It seems like so many of us are on the journey of simplifying our lives - doing more of what we love and less of the unimportant, distracting activities.
We want to have the things that we love or need. We want to spend more time doing meaningful activities with our loved ones. We want to eat more of green, organic, nourishing foods. We want to go out in nature and do fun exercises.
We want real connection with the people in our lives. We want to live a life that means something, at least to us. We want to find who we truly are and experience joy and peace each day.
We want space in our lives.
Yet, what do we do?
We fill our homes with memorabilia that we don't even connect with, with more than enough books that we one day we will read, with things that are broken but we can't let go of. Then we feel overwhelmed walking around in our own home.
We fill up our days with work up to the neck with only time left to eat, sleep and get ready for the next day. We answer every email, can't delete the ones we have answered and spend every free minute checking for new mail. We watch shows upon shows on TV or surf the internet mindlessly. We want to exercise but find no energy or time to do so. We postpone calling our friends and have no time for fun activities with the near and dear ones. Our to-do list is bursting and we have expectations of ourselves that reach the sky.
And, we find ourselves filled with thoughts and feelings that speak of anxiety, worry, sadness, doubt and a dissatisfaction with our lives that is not a one-off but an everyday experience.
So, why is that, even when we know what is good for us, we default into all the ways to fill up our lives?
I have come to realize that it is because we are afraid.
We are afraid of the space behind things - of what we will find when the curtain is lifted.
The fear is what makes us cover up our lives in the first place.
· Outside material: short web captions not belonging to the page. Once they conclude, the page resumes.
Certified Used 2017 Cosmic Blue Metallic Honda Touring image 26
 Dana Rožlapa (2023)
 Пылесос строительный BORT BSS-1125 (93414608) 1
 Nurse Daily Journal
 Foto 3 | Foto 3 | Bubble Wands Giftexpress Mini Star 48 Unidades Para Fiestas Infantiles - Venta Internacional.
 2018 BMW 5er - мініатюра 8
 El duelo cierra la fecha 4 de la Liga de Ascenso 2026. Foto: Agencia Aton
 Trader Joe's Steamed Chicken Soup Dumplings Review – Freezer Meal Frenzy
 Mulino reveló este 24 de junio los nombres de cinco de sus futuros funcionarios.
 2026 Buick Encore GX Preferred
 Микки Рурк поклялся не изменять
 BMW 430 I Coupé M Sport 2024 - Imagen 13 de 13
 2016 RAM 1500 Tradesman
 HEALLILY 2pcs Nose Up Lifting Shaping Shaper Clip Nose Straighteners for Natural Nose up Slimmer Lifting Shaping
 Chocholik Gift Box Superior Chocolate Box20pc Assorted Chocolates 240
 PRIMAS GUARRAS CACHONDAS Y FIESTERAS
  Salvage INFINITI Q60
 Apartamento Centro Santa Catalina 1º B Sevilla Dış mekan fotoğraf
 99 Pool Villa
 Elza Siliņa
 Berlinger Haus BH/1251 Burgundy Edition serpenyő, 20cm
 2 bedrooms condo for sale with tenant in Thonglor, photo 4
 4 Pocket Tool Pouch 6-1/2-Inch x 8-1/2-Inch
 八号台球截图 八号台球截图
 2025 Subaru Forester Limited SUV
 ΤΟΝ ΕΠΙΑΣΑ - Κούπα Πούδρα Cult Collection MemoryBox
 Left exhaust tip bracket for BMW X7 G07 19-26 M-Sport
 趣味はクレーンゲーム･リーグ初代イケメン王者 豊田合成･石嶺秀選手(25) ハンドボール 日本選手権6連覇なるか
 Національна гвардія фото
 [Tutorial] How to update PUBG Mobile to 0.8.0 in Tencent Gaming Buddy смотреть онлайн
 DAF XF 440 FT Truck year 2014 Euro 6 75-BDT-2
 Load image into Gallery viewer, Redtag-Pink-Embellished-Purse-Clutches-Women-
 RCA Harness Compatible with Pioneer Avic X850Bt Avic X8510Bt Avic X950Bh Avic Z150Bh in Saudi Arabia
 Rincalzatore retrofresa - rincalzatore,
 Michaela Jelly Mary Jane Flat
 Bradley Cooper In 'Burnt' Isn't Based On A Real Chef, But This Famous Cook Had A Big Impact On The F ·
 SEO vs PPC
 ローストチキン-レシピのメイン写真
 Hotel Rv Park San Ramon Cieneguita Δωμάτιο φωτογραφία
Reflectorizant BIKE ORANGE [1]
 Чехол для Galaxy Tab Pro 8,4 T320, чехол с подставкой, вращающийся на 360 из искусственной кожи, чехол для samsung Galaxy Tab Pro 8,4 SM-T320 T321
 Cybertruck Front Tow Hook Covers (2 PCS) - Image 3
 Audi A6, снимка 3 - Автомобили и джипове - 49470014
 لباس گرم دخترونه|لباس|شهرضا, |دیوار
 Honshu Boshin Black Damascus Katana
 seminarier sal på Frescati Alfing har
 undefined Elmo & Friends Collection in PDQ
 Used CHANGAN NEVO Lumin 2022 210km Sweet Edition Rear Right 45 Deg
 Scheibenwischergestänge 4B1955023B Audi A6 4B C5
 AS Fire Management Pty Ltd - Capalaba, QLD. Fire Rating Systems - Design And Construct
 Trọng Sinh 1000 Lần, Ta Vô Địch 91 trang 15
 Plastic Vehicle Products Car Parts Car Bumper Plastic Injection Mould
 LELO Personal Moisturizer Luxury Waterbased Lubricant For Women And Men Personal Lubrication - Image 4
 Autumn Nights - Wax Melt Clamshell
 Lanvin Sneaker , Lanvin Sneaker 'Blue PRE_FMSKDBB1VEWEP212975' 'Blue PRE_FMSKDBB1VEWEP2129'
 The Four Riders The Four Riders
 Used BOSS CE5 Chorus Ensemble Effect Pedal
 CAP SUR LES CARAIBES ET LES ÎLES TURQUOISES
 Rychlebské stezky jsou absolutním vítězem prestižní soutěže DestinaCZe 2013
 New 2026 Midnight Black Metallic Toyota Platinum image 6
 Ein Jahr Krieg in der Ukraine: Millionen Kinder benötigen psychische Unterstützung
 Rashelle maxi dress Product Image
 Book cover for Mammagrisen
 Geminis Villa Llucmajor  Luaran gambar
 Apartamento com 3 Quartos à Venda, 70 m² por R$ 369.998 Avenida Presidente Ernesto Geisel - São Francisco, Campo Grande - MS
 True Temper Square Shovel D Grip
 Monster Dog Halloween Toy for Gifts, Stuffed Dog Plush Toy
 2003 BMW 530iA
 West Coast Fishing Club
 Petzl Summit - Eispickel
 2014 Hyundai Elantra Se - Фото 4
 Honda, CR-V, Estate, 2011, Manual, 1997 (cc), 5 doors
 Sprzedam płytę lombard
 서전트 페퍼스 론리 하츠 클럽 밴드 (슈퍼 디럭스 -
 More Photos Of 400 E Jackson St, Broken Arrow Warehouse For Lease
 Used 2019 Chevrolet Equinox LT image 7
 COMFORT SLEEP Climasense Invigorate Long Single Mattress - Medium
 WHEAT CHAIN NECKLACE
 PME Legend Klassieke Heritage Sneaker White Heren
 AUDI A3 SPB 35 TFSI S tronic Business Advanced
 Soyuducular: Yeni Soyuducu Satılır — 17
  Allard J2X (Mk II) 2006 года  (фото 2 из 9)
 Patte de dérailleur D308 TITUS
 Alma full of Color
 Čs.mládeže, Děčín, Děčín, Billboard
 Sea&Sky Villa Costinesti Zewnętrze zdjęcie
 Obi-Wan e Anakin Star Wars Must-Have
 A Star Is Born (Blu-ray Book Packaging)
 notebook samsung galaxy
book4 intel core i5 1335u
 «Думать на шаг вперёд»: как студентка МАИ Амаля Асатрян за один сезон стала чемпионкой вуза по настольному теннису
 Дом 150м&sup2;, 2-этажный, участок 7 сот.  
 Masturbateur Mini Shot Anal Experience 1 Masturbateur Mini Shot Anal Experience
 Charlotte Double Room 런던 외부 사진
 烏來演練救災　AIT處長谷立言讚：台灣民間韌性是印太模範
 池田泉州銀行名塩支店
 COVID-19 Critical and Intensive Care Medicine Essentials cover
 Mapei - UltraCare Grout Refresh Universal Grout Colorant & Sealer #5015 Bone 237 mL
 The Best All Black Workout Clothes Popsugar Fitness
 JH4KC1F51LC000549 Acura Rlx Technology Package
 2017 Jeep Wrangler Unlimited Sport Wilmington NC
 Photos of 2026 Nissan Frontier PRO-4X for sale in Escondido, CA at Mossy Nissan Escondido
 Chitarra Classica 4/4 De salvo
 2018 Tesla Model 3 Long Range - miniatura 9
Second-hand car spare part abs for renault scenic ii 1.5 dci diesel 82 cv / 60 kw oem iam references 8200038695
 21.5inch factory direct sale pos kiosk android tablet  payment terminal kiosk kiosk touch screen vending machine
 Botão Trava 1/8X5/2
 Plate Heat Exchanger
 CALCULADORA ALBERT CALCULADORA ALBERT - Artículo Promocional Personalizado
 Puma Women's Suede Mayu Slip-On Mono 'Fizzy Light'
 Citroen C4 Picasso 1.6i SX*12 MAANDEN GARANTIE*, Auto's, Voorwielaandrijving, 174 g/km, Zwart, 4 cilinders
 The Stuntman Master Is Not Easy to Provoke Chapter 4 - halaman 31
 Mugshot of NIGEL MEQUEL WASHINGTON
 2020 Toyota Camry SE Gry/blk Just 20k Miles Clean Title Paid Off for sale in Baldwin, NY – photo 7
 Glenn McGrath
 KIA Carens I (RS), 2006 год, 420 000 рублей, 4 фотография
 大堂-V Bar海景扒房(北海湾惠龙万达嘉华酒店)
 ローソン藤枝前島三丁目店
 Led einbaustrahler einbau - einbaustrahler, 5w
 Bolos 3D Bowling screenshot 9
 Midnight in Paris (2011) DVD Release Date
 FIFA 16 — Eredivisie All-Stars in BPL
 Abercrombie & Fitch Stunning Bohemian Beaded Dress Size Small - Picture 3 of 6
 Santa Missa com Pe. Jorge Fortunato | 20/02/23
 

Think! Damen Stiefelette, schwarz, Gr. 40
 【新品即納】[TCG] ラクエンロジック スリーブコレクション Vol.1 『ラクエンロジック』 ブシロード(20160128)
Part of it is because there is too much pain and suffering to face when we have not wrapped it up with layers of things, activities, bad habits and negative thoughts.
Part of it is because we are not even aware that there is another dimension of life where we can be free of that suffering. Or we may not even believe that such a life (free of suffering) is even possible for us.
And another part of it is that we are not sure what to do in all that space we will find once we do streamline our lives.
This has been my experience. For the last few years, I have had this uncanny but persistent, almost overpowering drive to simplify my life. I have let go, donated, sold or recycled of hundreds of books, clothes and things. I have almost emptied our home of furniture. I have undertaken and completed many unfinished tasks which were hanging around on my to-do list (like making a photobook of my childhood photos for my Mom, something she had really wanted and which I happily presented to her on her 60th birthday).
And now, my life is the most organized and simplified it has ever been. I make fewer promises so that I can help myself keep them. I very selectively engage in activities and travel.
I do less so that I can be more.
All of this has created enormous SPACE in my life, which I love and that space has allowed me to fulfill my most important priorities which in turn has created a lot of joy for me.
But, yes there is a but, I have also faced what so many of us fear we will find when we do streamline our lives.
When we are busy doing something, there is no time for them to come up, right? They are pushed back, shoved over into a deep dark place. We are so immersed and occupied with so much activity that we do not even know what kind of thoughts we actually have.
So, as space began to emerge in my life, I started to see and face my own thoughts and feelings. Eckhart Tolle says that when we let go of all that the ego is attached to, it starts to work overtime to rebuild what it thinks is its identity. The sense of "I" was diminishing just as the sense of "Self" was emerging in me. The negative thoughts come in as if to protect the ego, but we all know how destructive it is.
And this journey can be very challenging and so we hide our Self behind the curtain of external things and activities.
But what I am learning is that, it is not that scary, as we imagine it to be. Yes, the experience is uncomfortable and even draining, but by just looking at what is happening, I have been able to be at ease. I am still learning to be completely present with becoming aware of what is happening within. But already there is relief. I am noticing glimpses of what is beyond - a vast spaciousness that is light and joyful.
I am allowing myself the possibility that I can live without covering up my life with things and thoughts and go beyond the ego's backlash.
I know that the power of simply being aware and present with what is, is liberating to the spirit.
And each day, I enjoy a bit more the fruits of the space that I have in my life.
I wish for you tremendous joy and peace wherever you are on your journey of life. Thank you for reading.